Wat is het?
Zoals overal in het lichaam kunnen ook in de uitwendige gehoorgang tumoren ontstaan.
De uitwendige gehoorgang bestaat uit de oorschelp en het gangetje binnenin tot aan het trommelvlies.
Maar ook gezwellen in het middenoor kunnen door het trommelvlies groeien en in de gehoorgang verschijnen.
Tumoren kunnen goedaardig of kwaadaardig zijn.
De meeste tumoren zijn goedaardig:
- een exostose is een aangroei van beenweefsel dichtbij het trommelvlies. Dit komt veel voor bij surfers, door de voortdurende prikkeling van het beenvlies door koud water. Exostosen zijn dan meestal veelvuldig in beide oren aanwezig.
- een osteoma komt veel minder vaak voor; het is een goedaardig gezwel van het bot dat lijkt op een kleine paddenstoel met een steeltje, doorgaans maar in 1 oor.
- een cholesteatoom of parelgezwel is zeldzaam en kan aangeboren of verworven zijn. Het ontstaat meestal na herhaalde middenoorontstekingen waarbij het trommelvlies almaar meer wordt ingetrokken. In de ruimte die daardoor ontstaat hopen afgeschilferde huidcellen zich op. Het kan ook ontstaan, maar minder vaak, na een trommelvliesperforatie (gaatje in het trommelvlies) of na plaatsing van trommelvliesbuisjes. Een cholesteatoom groeit meestal vanuit het middenoor door het trommelvlies naar buiten. Het kan de structuren in het middenoor aantasten.

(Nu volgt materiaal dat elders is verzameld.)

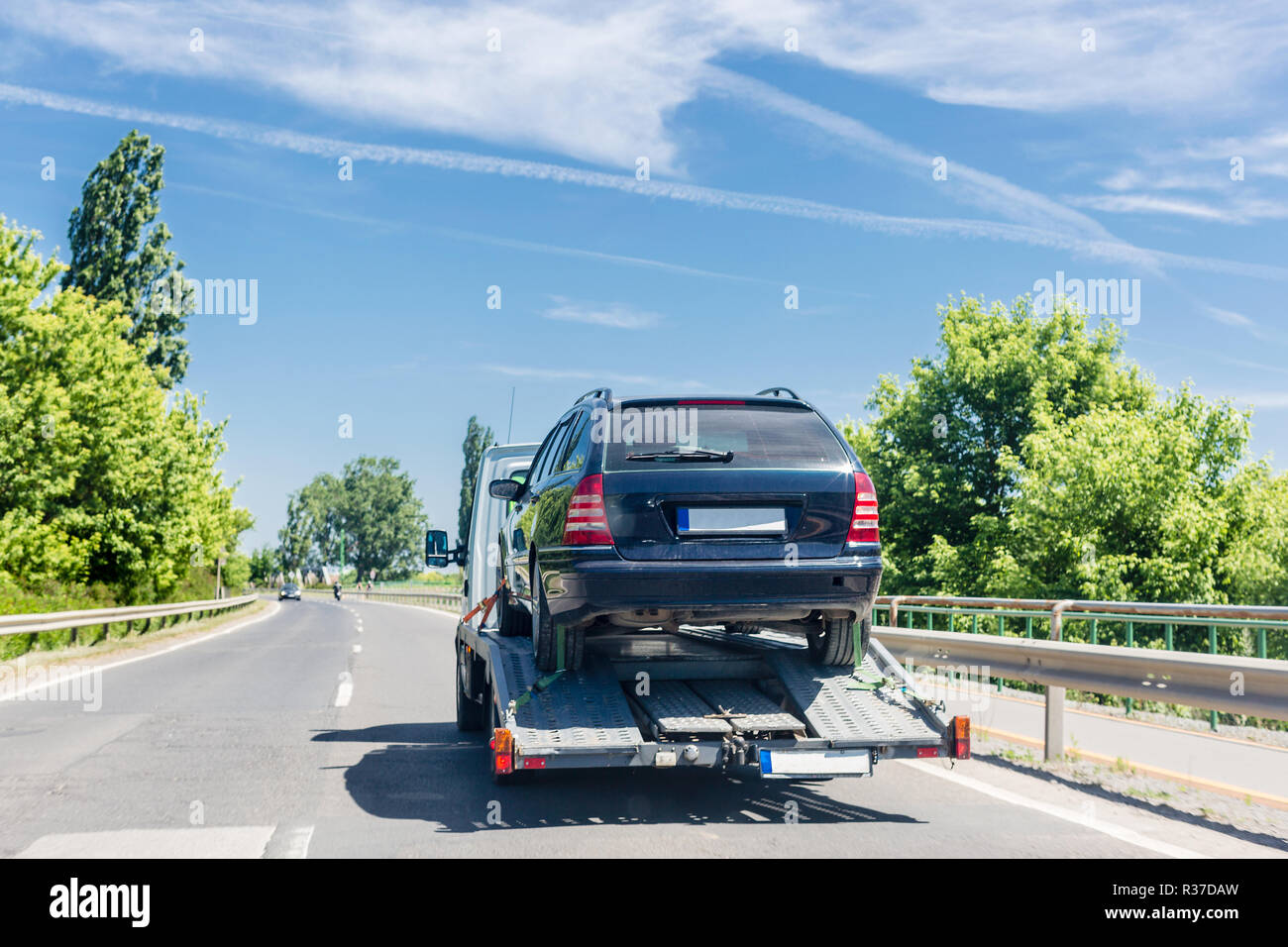 Remorque porte-voiture avec voiture. Location transportés sur un camion de remorquage d'évacuation sur l'autoroute Banque D'Images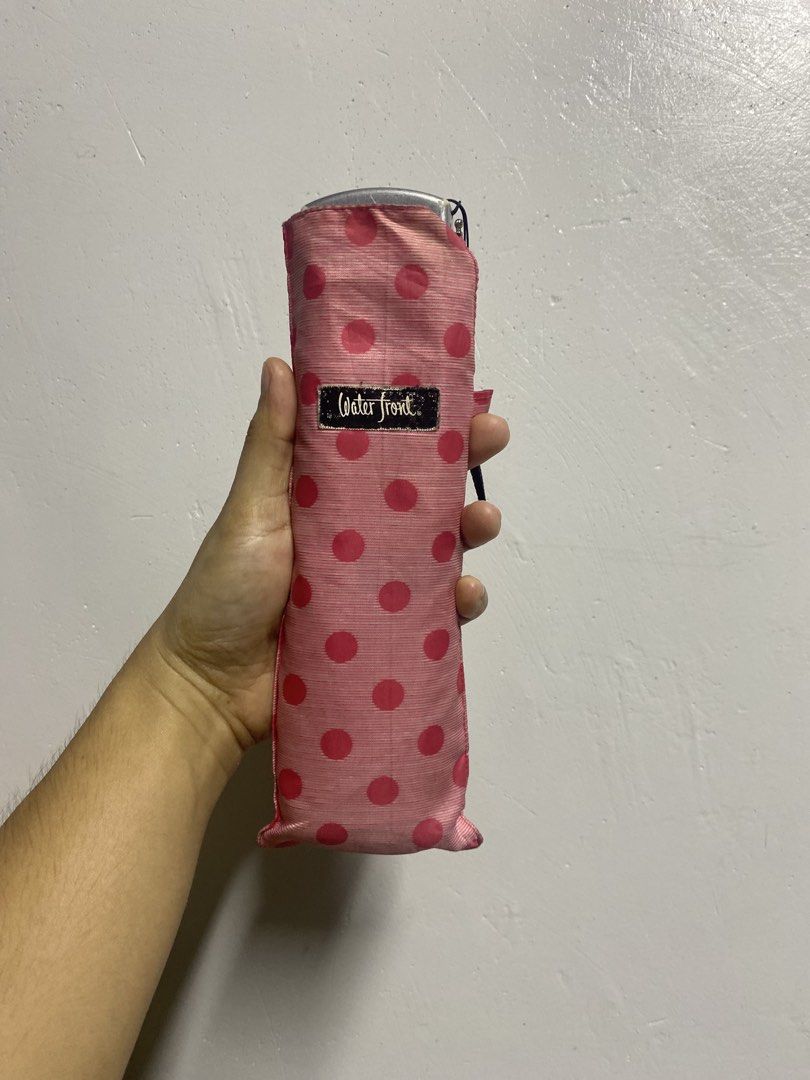 Waterfront Pink Polka Dot Foldable Umbrella (Category: Umbrellas) located in Pasacao. Submitted by wengpullar37205 (Listing ID 1465097069, Image 1). Description: - Brand: Waterfront - Color/Pattern: Pink with all-over polka dots - Features: Compact size, fits easily into bags, fully functional open and close mechanism - Inclusion: Matching sleeve with branded tag - Flaw: Minor rust stains near the ribs from previous use (kindly check the pictures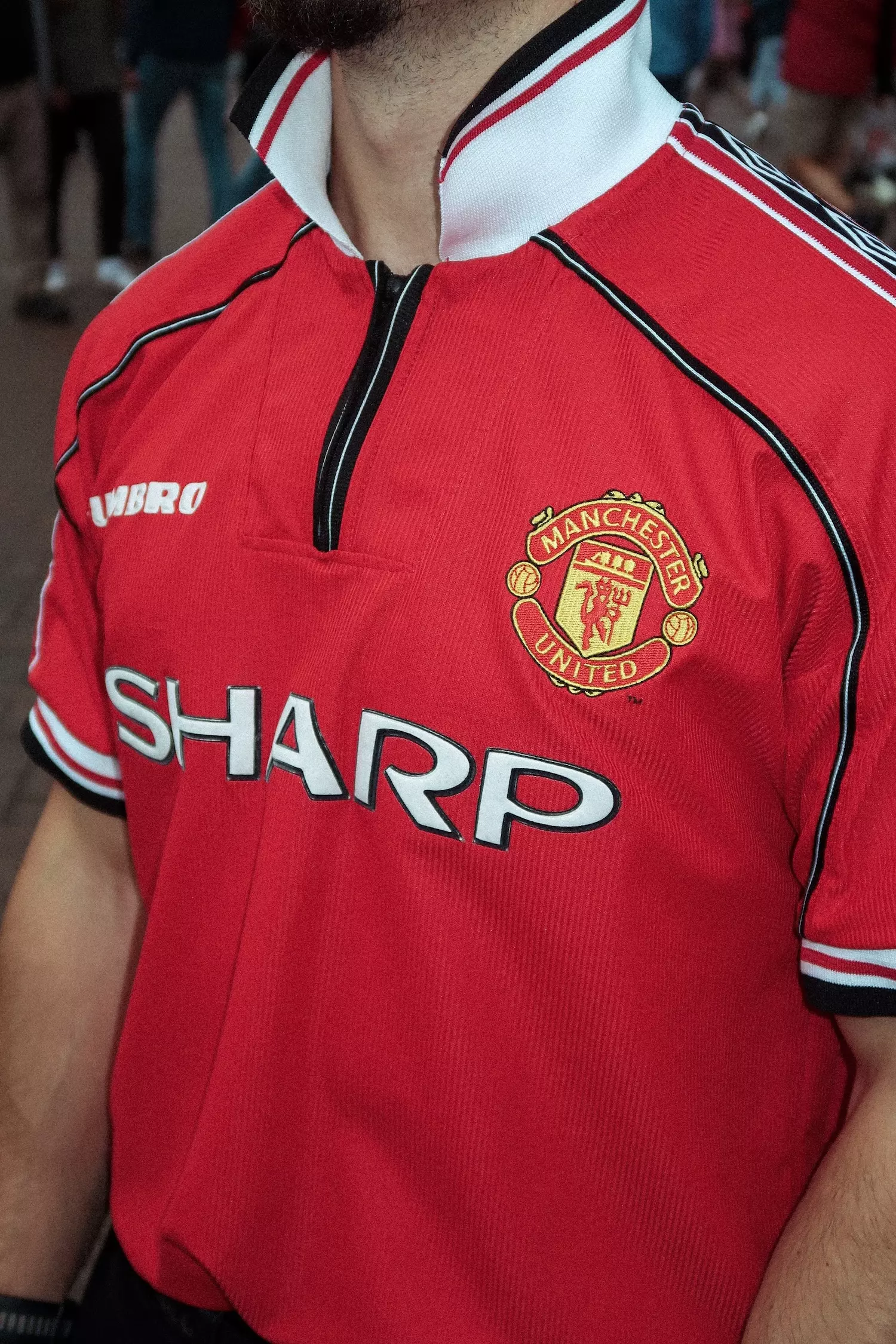 Close up of the front of a vintage Manchester United Umbro shirt
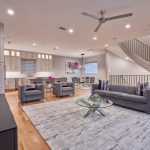 Modern Grey and White Open-Concept Living Room, Kitchen, and Dining Room Designs with Pops of Color in Florals and Wall Art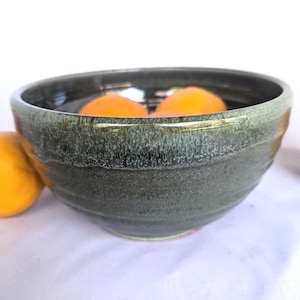 May include: A handmade, green ceramic bowl with a textured surface. The bowl is filled with bright orange fruit. The bowl has a wide, shallow shape and a dark green glaze with lighter green accents.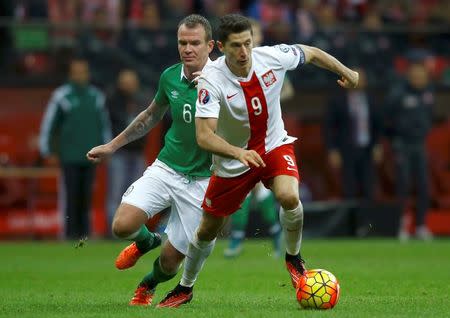 Poland's Robert Lewandowski is challenged by Republic of Ireland's Glenn Whelan (L) during their Euro 2016 group D qualification soccer match in Warsaw, Poland October 11, 2015. REUTERS/Kacper Pempel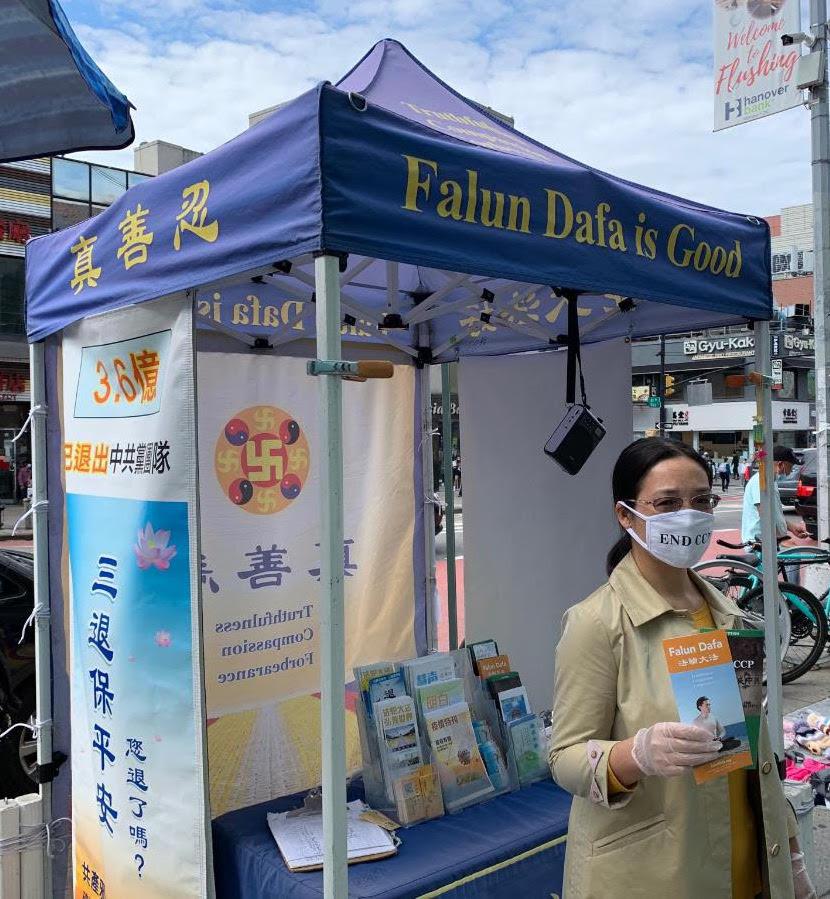 Falun Gong practitioner Xiao Ping in front of a booth where she raises awareness about China's persecution of the spiritual practice, in Flushing, New York, on Oct. 1, 2020. (Provided to The Epoch Times)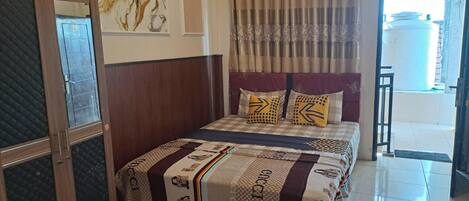 A hotel room with a bed, curtains, a window, and a door.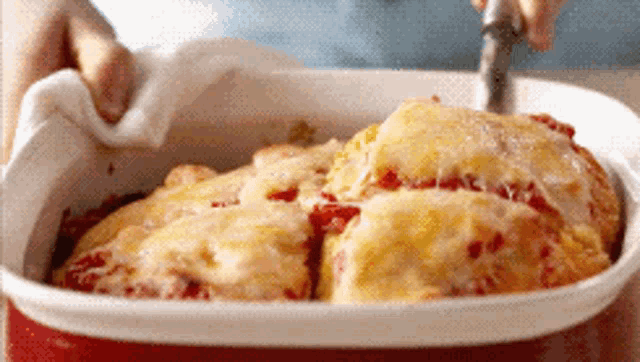 a person is taking a piece of pizza out of a casserole dish with a fork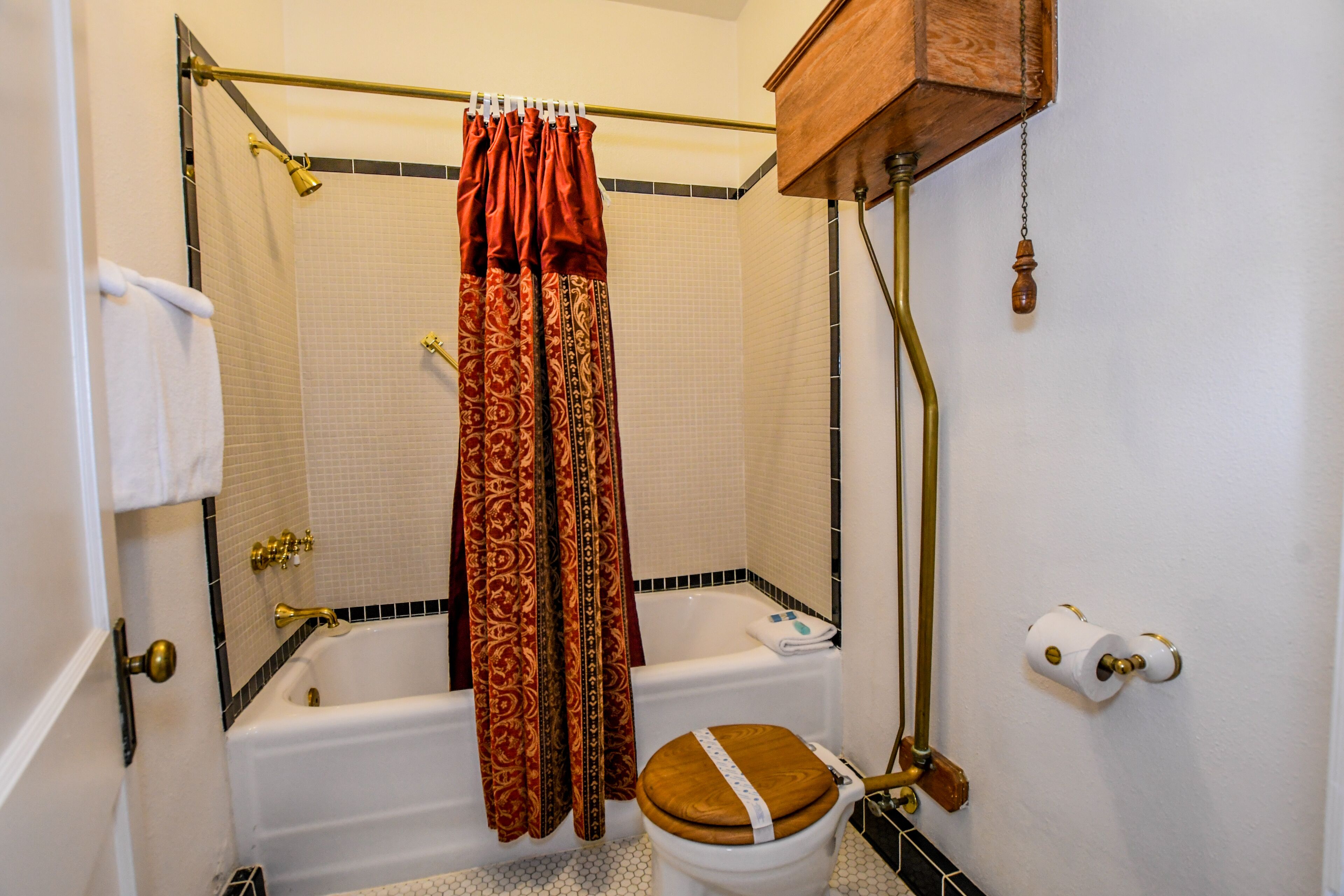 Une salle de bain avec une baignoire, des toilettes et un rideau de douche.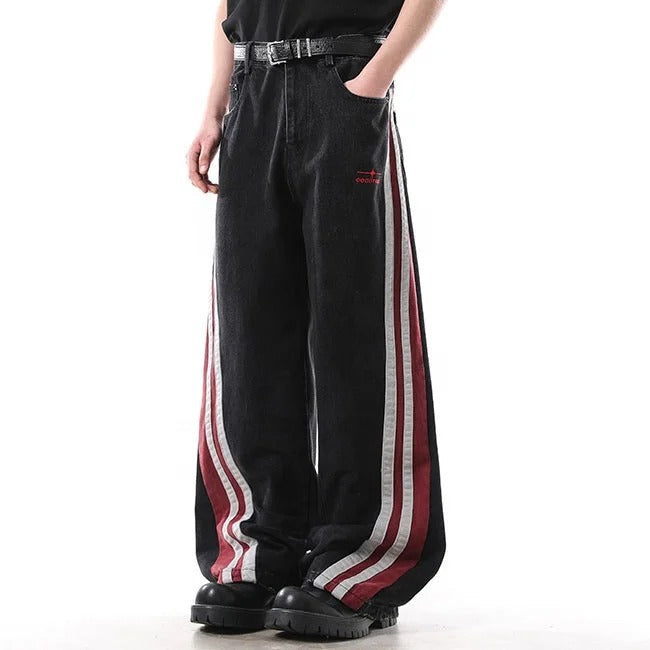 Black wide-leg jeans with red and white side stripe panels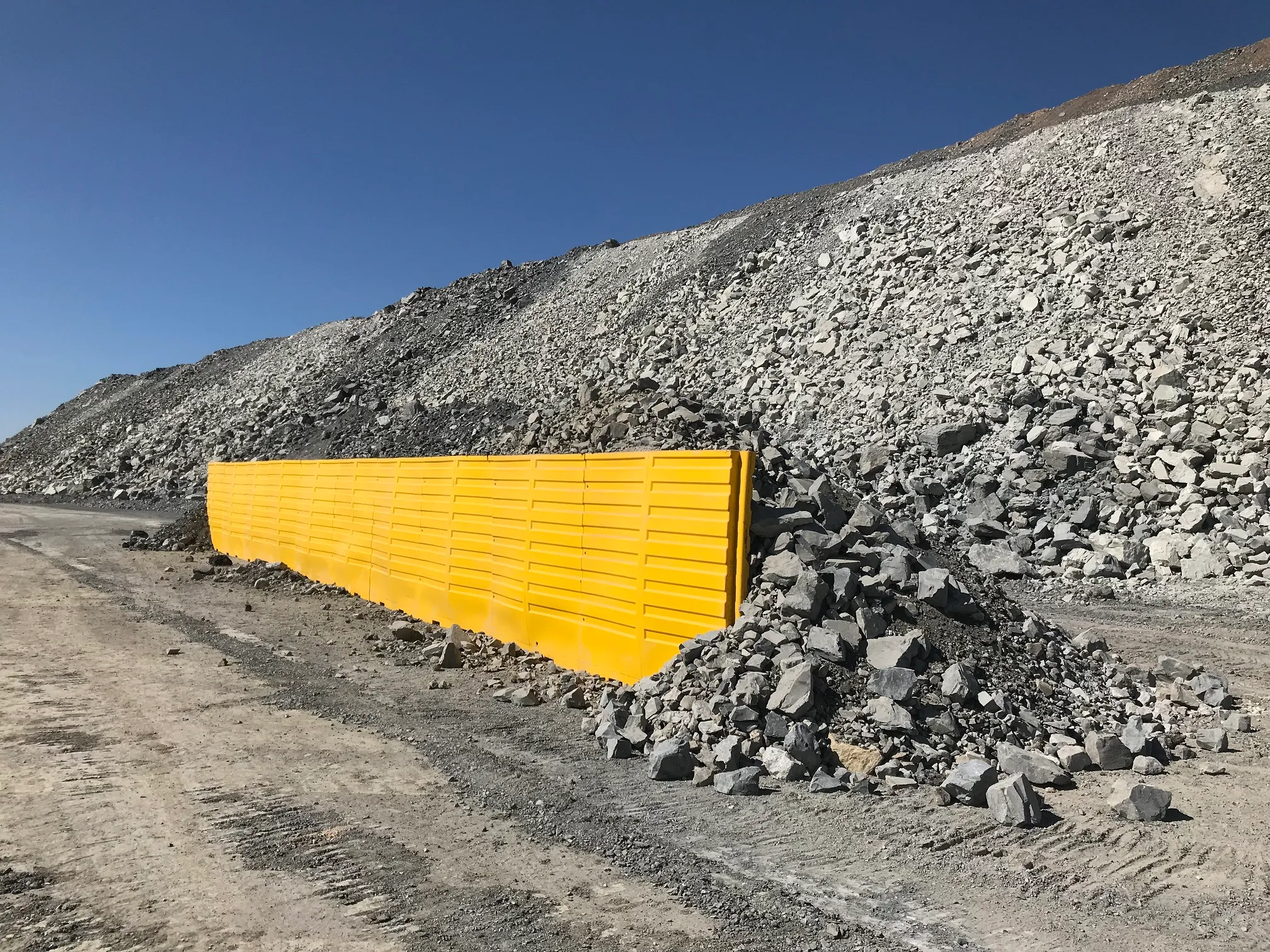 Yellow modular edge protection barrier installed along a haul road at the base of a waste rock dump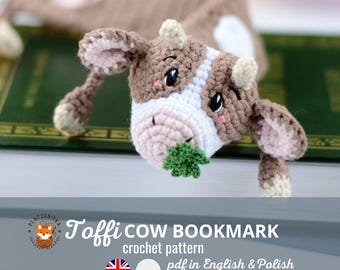 May include: A crocheted cow bookmark with brown and white fur, holding a green leaf in its mouth. The bookmark is lying on a book with a green cover. The text "Toffee COW BOOKMARK crochet pattern pdf in English & Polish" is below the image.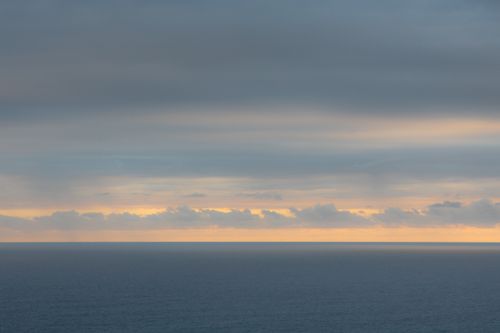 Free Serene ocean view at dawn with soft clouds and calm waters. Stock Photo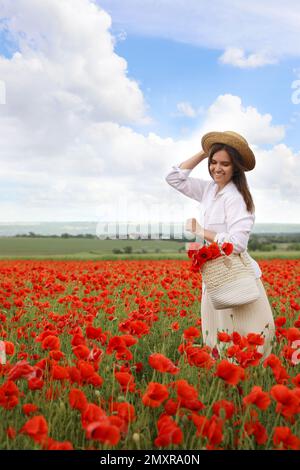 Femme avec sac à main et fleurs de pavot dans un beau champ Banque D'Images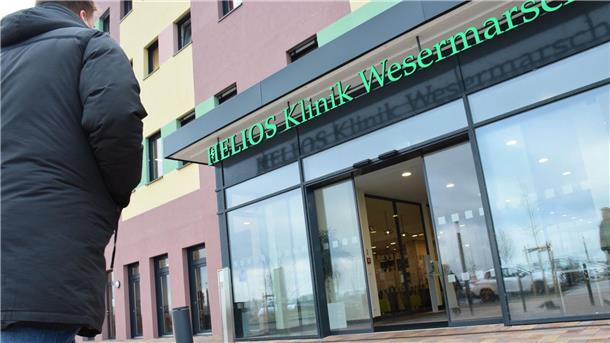 Ein Mann geht zum Eingang der Helios-Klinik Wesermarsch.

Kwaadaardige tumoren zijn zeer zeldzaam. Doorgaans gaat het om gezwellen van de huid van de gehoorgang.
Hoe kan je ze herkennen?
Goedaardige tumoren veroorzaken zelden klachten.
Een exostose kun je soms voelen als een hard uitsteekseltje onder de gezonde huid. Wordt de gehoorgang door het gezwel (en oorsmeer of huidresten) afgesloten, dan hoor je minder goed of kun je zelfs aan één kant doof zijn. Door de druk kan het oor pijnlijk zijn.
Een cholesteatoom gaat soms gepaard met duizeligheid en een eenzijdige aangezichtsverlamming.
Kwaadaardige gezwellen kunnen oorpijn en ontsteking van het uitwendige oor veroorzaken. Het oor is mogelijk ook vatbaarder voor middenoorontstekingen, die vaak chronisch worden en aanleiding geven tot pijn en een lopend oor.
Hoe stelt je arts de aandoening vast?
De arts stelt de diagnose meestal op basis van een eenvoudig ooronderzoek verricht met een otoscoop (toestelletje waarmee je in het oor kunt kijken). Bij herhaalde middenoorontstekingen met blijvend gehoorverlies zal de arts denken aan een cholesteatoom. Met een otoscoop herken je een cholesteatoom als een witte massa achter het (ingetrokken) trommelvlies.
Vooral bij kinderen is het vroegtijdig stellen van de diagnose belangrijk omdat de aandoening de spraak- en taalontwikkeling kan vertragen. Bij gehoordaling gebeurt een gehoortest. Vermoedt de arts een cholesteatoom of een kwaadaardige tumor dan kan hij een MRI of CT-scan aanvragen. Onderzoek van een stukje weefsel (biopsie) brengt meer duidelijkheid.
Wat kan je zelf doen?
Bij oorklachten ga je het best even bij de dokter langs.
Probeer niet zelf het oor met een wattenstaafje ‘open’ te maken. Hiermee duw je het oorsmeer dieper naar binnen. Spoel het oor ook niet met water. Het trommelvlies kan immers beschadigd zijn, en zo kan water in het middenoor terechtkomen.
Wat kan je arts doen?
Enkel wanneer ze klachten geven, worden een exostose en een osteoma behandeld. Ze worden weggenomen via een kleine ingreep.
In geval van een cholesteatoom wordt de gehoorgang grondig microscopisch gereinigd. Vaak is een operatie noodzakelijk.
Ook een kwaadaardig gezwel wordt operatief verwijderd. Is het trommelvlies aangetast, dan moet het operatief hersteld worden.